Advertisement

Lakers’ Road to Glory Filled With Potholes

Share

Somewhere along the road to greatness the Lakers took the wrong turn.

At this point they’d look more in character driving the family car in “Vacation” than handling the rig in “Road Warrior.”

They’re 3-5 in road games in these playoffs after falling to the Minnesota Timberwolves on Saturday at the Target Center, by a 98-96 score that wasn’t even close to being that close.

That’s coming off a regular season in which they went 22-19 on the road, the most road losses of any team still in the playoffs. (They were 8-6 in road games when the Fantastic Four played.)

Advertisement

This all comes into play because the Lakers are not yet, ahem, home free.

Soon, be it a how-did-this-happen Game 7 back here or in the NBA Finals, the Lakers will have to become a good road team if they want to win a championship.

If the Lakers can’t handle their duties in Game 6 in Los Angeles, they’ll try to win Game 7 on the road, a feat that historically has proven too much for eight out of 10 NBA teams.

If the Lakers advance and play the Indiana Pacers in the Finals, the Pacers will have home court in the 2-3-2 format series. Since the home team has never swept the middle three games, that presumes the Lakers would have to get two games in Indiana to win it.

Game 5 of the Western Conference finals sure wasn’t a blueprint for how to win an away game.

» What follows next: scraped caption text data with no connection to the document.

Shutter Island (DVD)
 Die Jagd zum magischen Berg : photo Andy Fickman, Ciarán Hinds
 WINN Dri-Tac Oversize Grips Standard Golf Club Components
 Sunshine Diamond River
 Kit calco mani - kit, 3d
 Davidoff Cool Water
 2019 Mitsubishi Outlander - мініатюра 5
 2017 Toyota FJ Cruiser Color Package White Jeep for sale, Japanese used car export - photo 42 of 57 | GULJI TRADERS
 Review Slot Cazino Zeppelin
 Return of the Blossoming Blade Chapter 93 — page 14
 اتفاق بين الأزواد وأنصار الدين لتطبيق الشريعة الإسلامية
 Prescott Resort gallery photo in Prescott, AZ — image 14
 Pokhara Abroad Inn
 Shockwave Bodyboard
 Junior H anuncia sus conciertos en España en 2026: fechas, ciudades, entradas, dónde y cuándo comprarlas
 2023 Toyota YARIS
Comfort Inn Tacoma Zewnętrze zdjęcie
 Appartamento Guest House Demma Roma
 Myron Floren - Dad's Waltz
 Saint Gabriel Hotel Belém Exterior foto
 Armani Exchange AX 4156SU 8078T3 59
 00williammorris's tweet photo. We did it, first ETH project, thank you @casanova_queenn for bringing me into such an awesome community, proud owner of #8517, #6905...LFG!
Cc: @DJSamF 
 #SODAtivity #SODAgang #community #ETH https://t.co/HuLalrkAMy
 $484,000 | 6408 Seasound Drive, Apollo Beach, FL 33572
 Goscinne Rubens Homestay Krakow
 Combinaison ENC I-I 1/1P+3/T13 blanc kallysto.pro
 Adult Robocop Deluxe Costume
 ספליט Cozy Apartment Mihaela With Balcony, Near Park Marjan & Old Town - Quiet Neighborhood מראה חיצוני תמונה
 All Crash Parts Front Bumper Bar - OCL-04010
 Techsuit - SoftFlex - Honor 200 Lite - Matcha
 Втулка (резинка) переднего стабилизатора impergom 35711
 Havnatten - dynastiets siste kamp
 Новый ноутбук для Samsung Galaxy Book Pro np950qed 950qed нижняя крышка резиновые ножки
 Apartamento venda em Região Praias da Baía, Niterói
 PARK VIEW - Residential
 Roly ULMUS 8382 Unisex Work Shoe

Road games generally aren’t a time to count on the supporting cast. They’re more dependent on the energy of the crowd at home, less likely to get the benefits from the officials on the road.

Devean George, who had 12 points in Game 3 and drove for a crowd-pumping dunk in Game 4 at Staples Center, scored only four points and missed his last seven shots Saturday. Kareem Rush shot one for five. Slava Medvedenko was doing so little that Phil Jackson left Karl Malone in even when Malone was in foul trouble.

Road games belong to the superstars, and none of the Lakers could meet the challenge.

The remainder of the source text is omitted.